• WHAT THIS TASK INVOLVES: Write the data below out exactly as it stands. Do not include the pictures.

--- GIVEN DATA ---

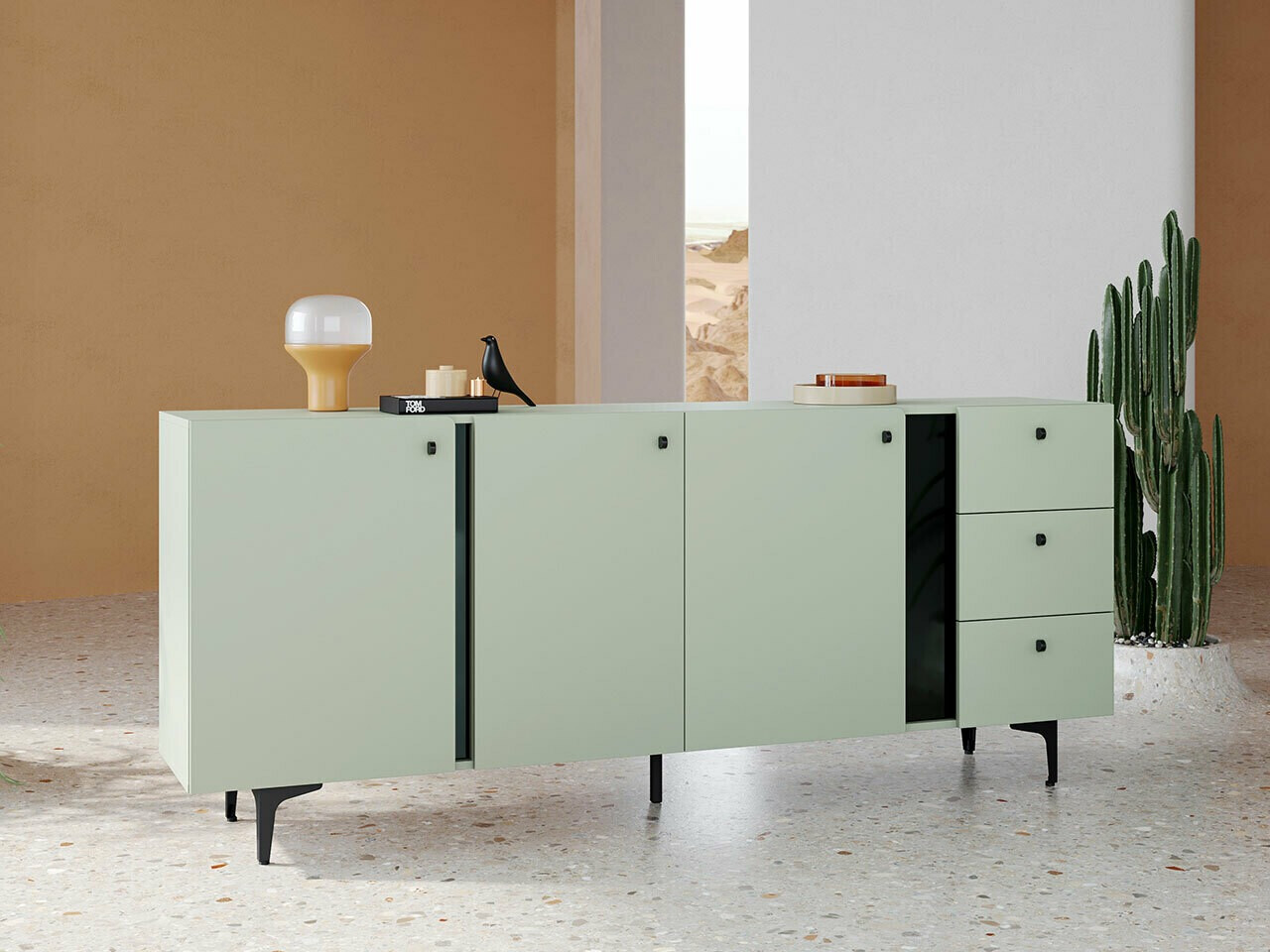 Commode Fresno AF113 (Vert poussiéreux)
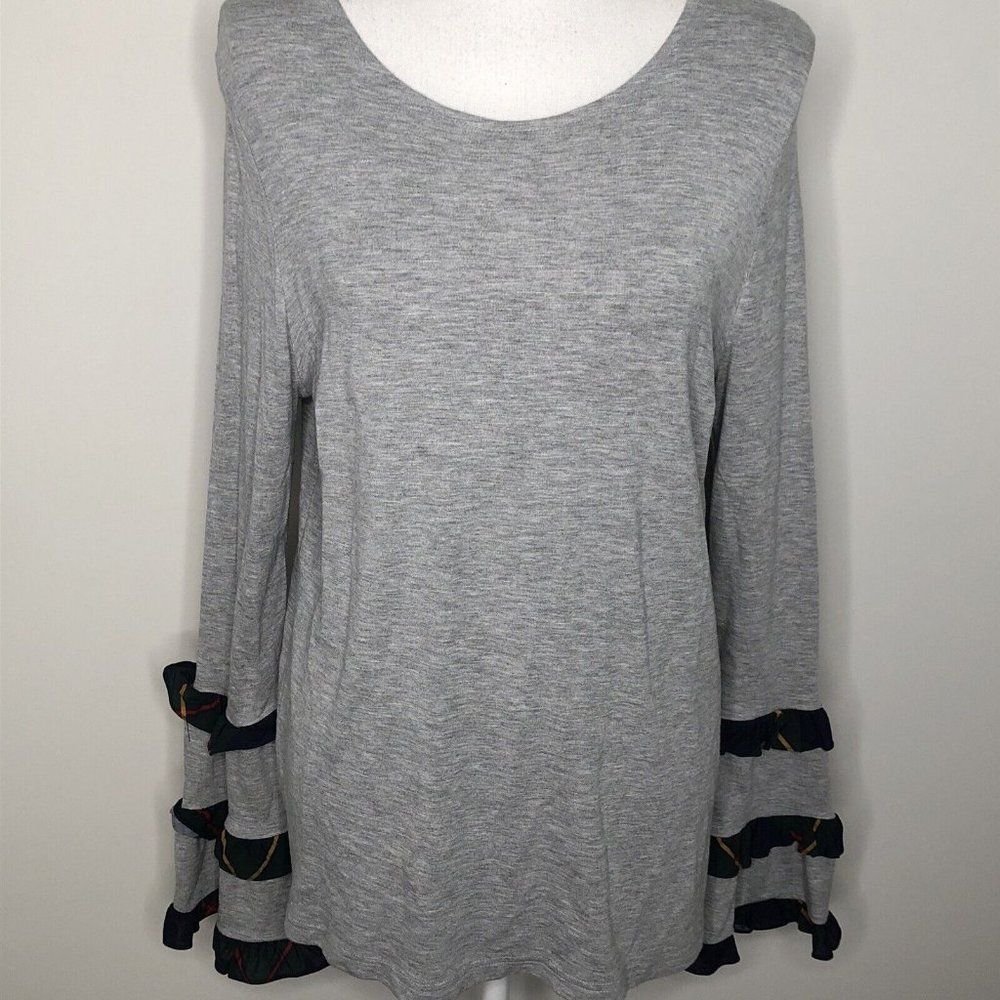 Crown & Ivy Gray Top Plaid Trim Bell Sleeves Women’s L Christmas Green Blue Red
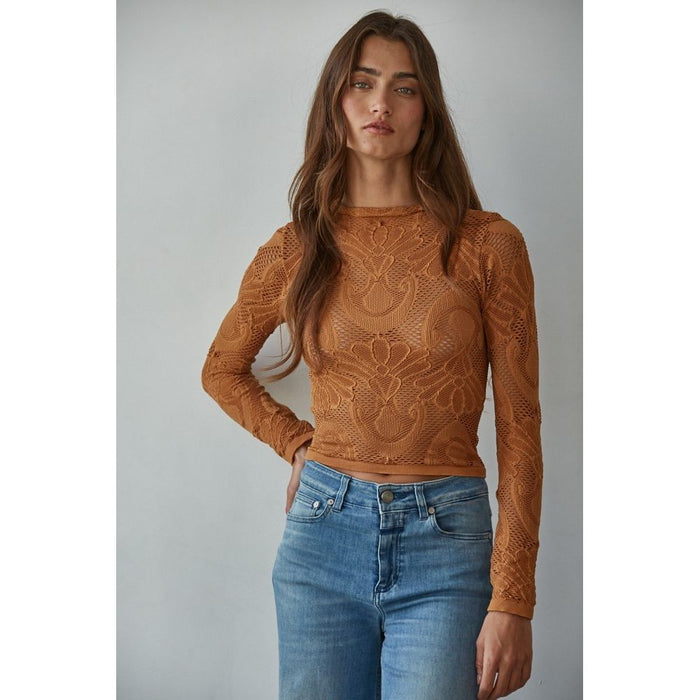 Jacquard Long Sleeved Top in Golden Granola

---

• RESULT FOR THIS TASK:
 Commode Fresno AF113 (Vert poussiéreux)
 Crown & Ivy Gray Top Plaid Trim Bell Sleeves Women’s L Christmas Green Blue Red
 Jacquard Long Sleeved Top in Golden Granola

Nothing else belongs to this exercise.